This Week in Texas
Methodist History Nov. 8
Texas Conference Appoints
Agricultural Missionary to Panola
County, November, 1945
The Texas Conference met in Houston First Methodist Nov.
6-9, 1945
World War II had ended just a few months earlier, and
Conference members embraced returning chaplains who had been discharged from
the armed forces and were returning to accept civilian appointments. Some chaplains had not yet been mustered out,
but, as in the case of Rev. Lamar Clark, were represented by their wives, who
brought greetings from their husbands who were still in uniform.
When historians write about the social, demographic, and
economic changes brought about by World War II, they often concentrate on the
industrialization of Texas. Not just on the Coastal Plains, but also in
the northern counties of the Texas Conference, military production had
boomed. Refineries, chemical plants, and
other facilities had sprung up all over the Conference.
Historians are less likely to write about the flip side of
the story---what was going on in the farm sector?

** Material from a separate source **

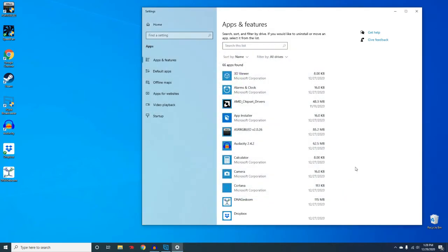Now that Avast is uninstalled from your computer, you should notice that it's actually quicker. You might want to replace it with another antivirus though just so that you have that protection.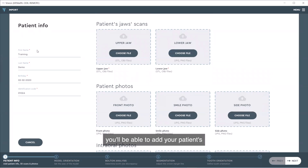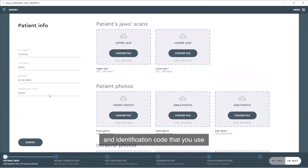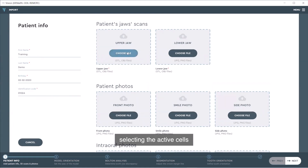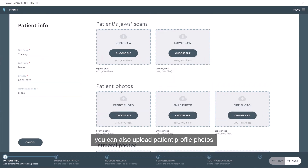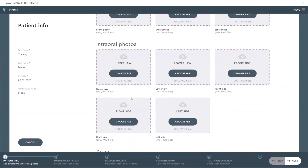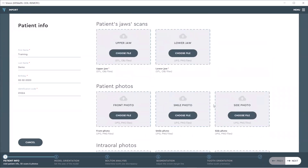In the patient information scene, you'll be able to add your patient's first name, last name, birth date, and identification code that you use for your cases. We will also be selecting the active cells to upload our upper jaw and lower jaws as STL or OBJ files. As an option, you can also upload patient profile photos, patient intraoral photos, or any panoramic or x-ray images, all as JPEGs and PNG files. These are not mandatory — the case can be uploaded without any of these images, if you choose.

World War II had produced a revolution in rural Texas too. Rural Texas
left farms by the hundreds of thousands to join the military service or one of
the new defense plants. Since most of
those who left were in their prime working age, that created a shortage of
agricultural labor. The last
agricultural census before World War II showed that most East
Texas counties had a mule to tractor ratio of 10 to 1 or even
higher. By contrast, the High Plains
counties were also completely mechanized with far more tractors than
mules.
The Texas Conference was vitally interested in rural
churches. For several decades there had
been a Town and Country Commission to focus on rural work. With growing recognition of the changing
demographics, that Commission was interested in new forms of ministry to the
rural churches.
One of their steps was the appointment of an agricultural missionary,
Carl Beadle to the Deadwood Circuit in Panola County
in November 1945. It was a three point circuit—Deadwood, Galloway, and Waterman’s Front (Front). Regular readers of this column will know
Deadwood as one of the more prominent rural Methodist communities—with roots in
the MEC , and the home of the LaGrone family who have been active in Texas
Methodism for years.
Besides serving the three churches, Beadle would also live
on a 25 acre farm and use it as a demonstration farm to promote better agricultural
practices. Beadle was a graduate of
Texas A & M and also of Scarritt, the main Methodist missionary-training
institution. In addition to serving the
three churches and running the demonstration farm, Beadle also enrolled in
seminary at SMU.
In 1949 he transferred to the Holston Conference in Appalachia.